No line before the one holding "Forecast of the geomagnetic index&nbsp;Kp" is wanted; restate word for word that line and all lines after it to the end of the entries, excluding pictures.

——————

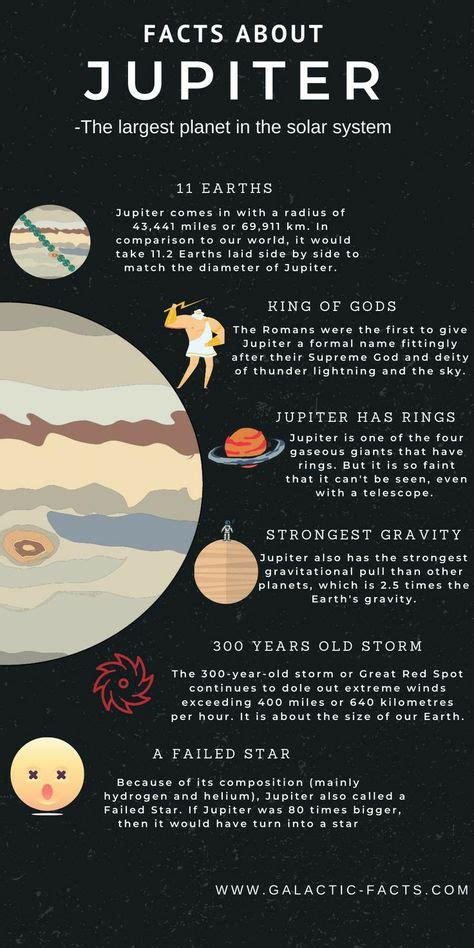 Top 10 astronomy facts ideas and inspiration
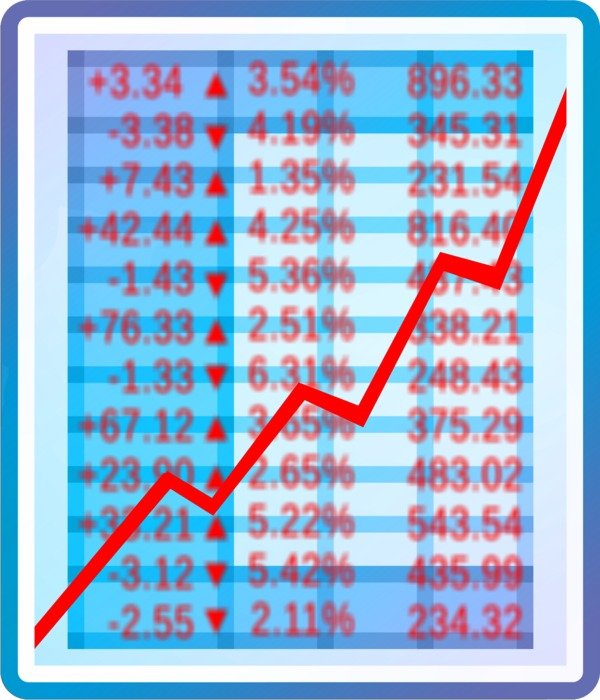 drawn profit on the stock exchange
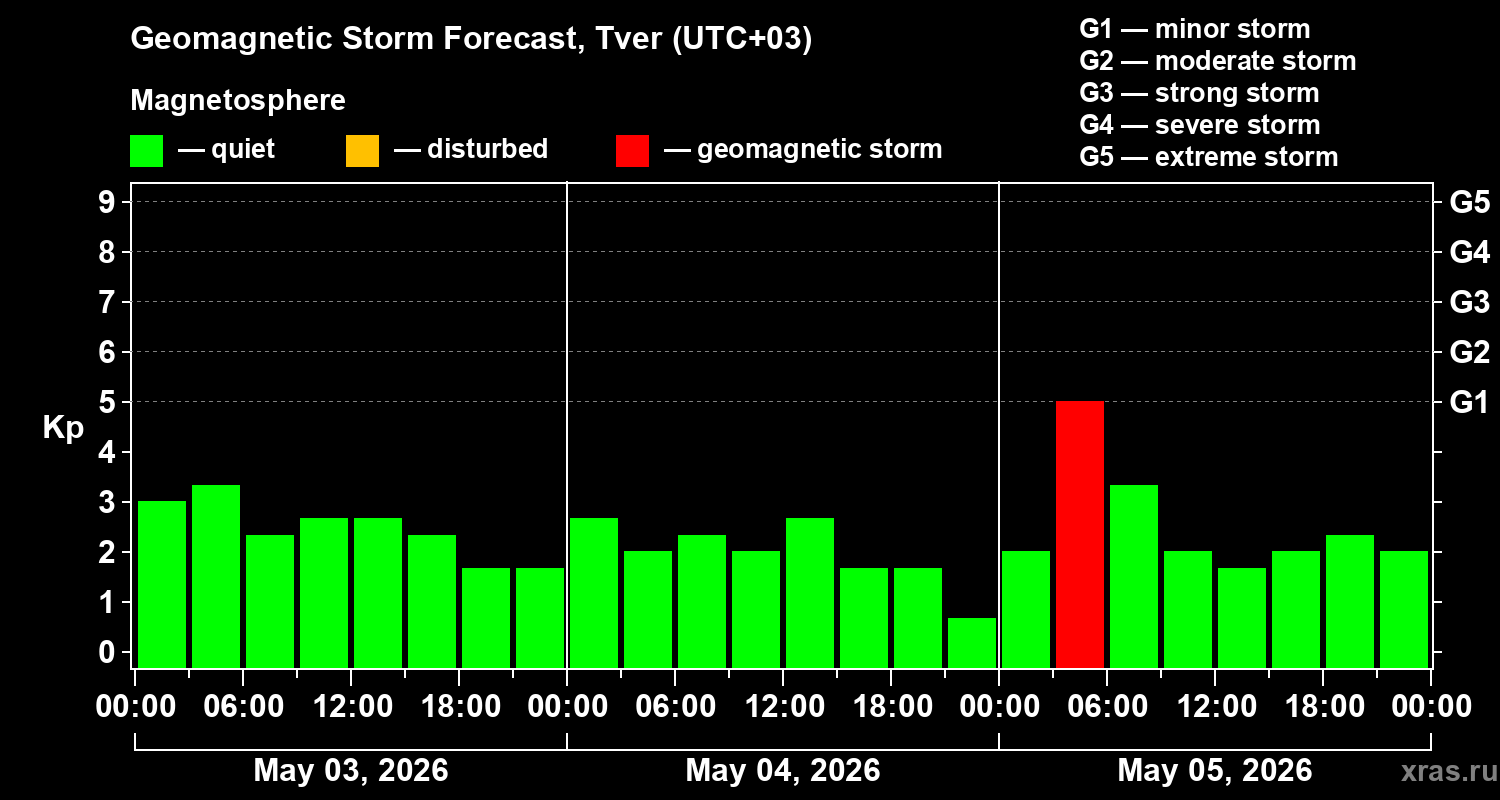 Forecast of the geomagnetic index&nbsp;Kp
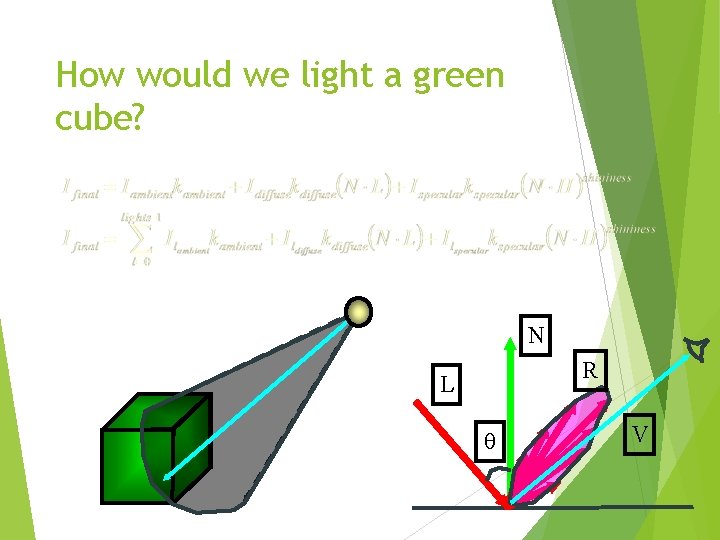 How would we light a green cube? N R L V 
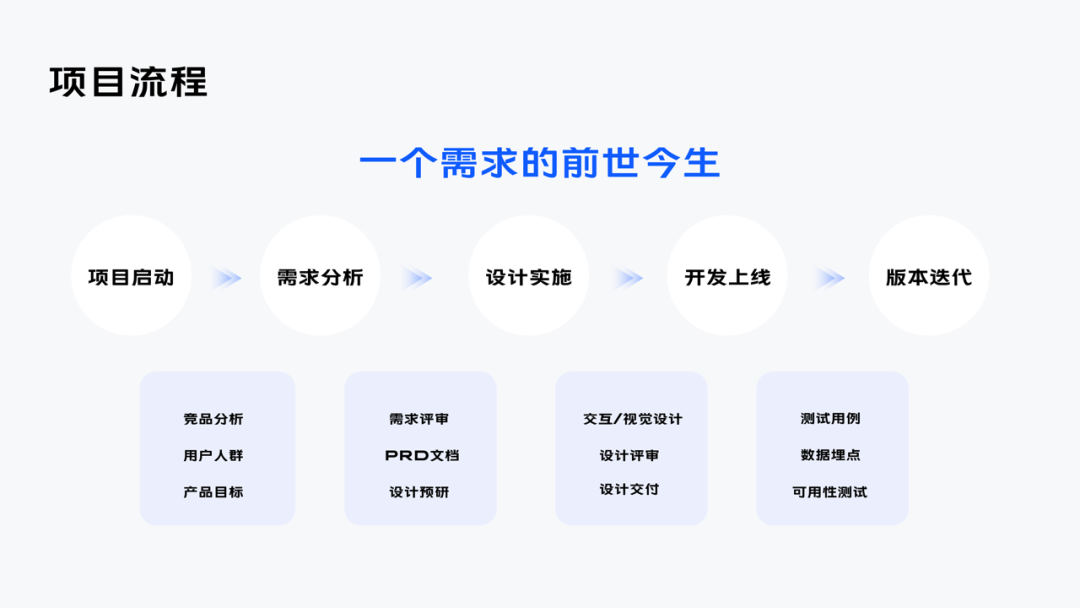 pmp英文项目交付成果_项目交付文档_项目交付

——————

### Result of this task
 Forecast of the geomagnetic index&nbsp;Kp
 How would we light a green cube? N R L V 
 pmp英文项目交付成果_项目交付文档_项目交付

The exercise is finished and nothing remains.